Yet this devastation did not begin with gunfire. It was preceded by years of dismantling the state under the banner of “economic reform,” opening the country to investment networks indifferent to human needs, and managing resources, foremost among them gold, through transnational systems that fueled the conflict with money and arms, turning Sudan into a lucrative marketplace for violence. What we see today is the product of a single system that weakened society through economic tools, then employed war to complete what policy had begun.

Despite this sweeping collapse, Sudanese women continue to create the remaining forms of life amid the ruins: relief networks emerging from nothing, care structures organized outside state institutions, and small spaces for documentation, protection, and solidarity. These acts stand as testimony to the extent of the political and economic abandonment of civilians, and to how the fabric of daily life has been handed over to unpaid, invisible labor carried out by women.

Sudan confronts us with a painful truth: violence is not a massacre that erupts suddenly, but a sequence that begins with a reduced budget, a privatized service, and plundered resources, and ends with cities falling and women left alone to face destruction.
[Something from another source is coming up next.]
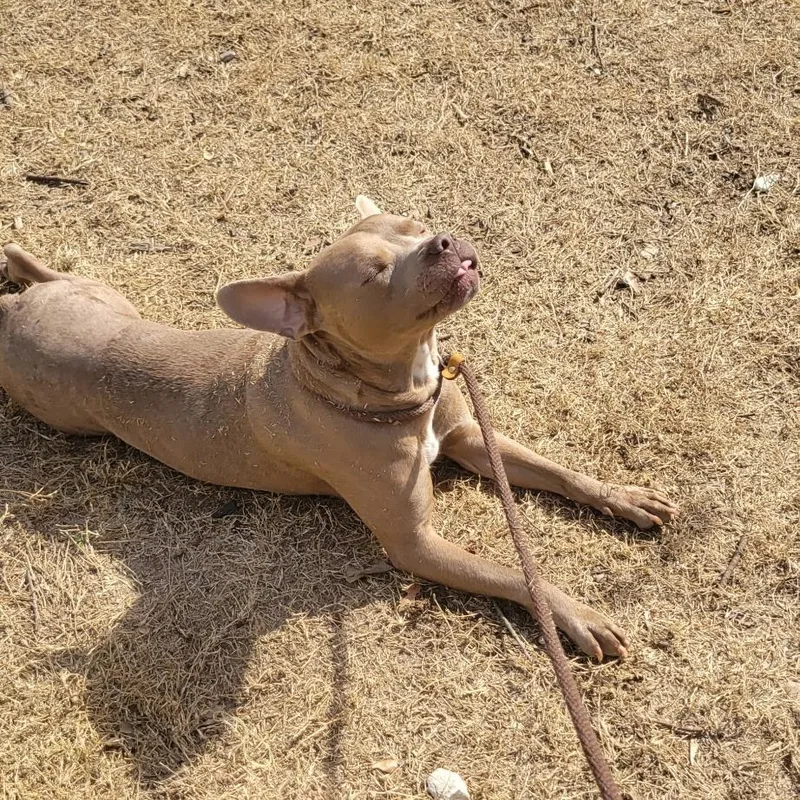 A young medium-sized male Yellow / Tan / Blond / Fawn American Bully dog named Wesley for adoption in Brookeville, MD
What is happening there is not an isolated event, but a stark reflection of the same regional structures that manipulate economies in one country, sell weapons in another, and reshape devastation according to their interests.

Yet Sudan also remains a testament to the capacity of people—especially women—to preserve the meaning of life in the heart of darkness, and to imagine a future beyond the politics of starvation, war, and extraction. What we witness is not an ending, but the revelation of an urgent beginning: dismantling the structures that made such violence possible, and rebuilding life in a way that honors human dignity.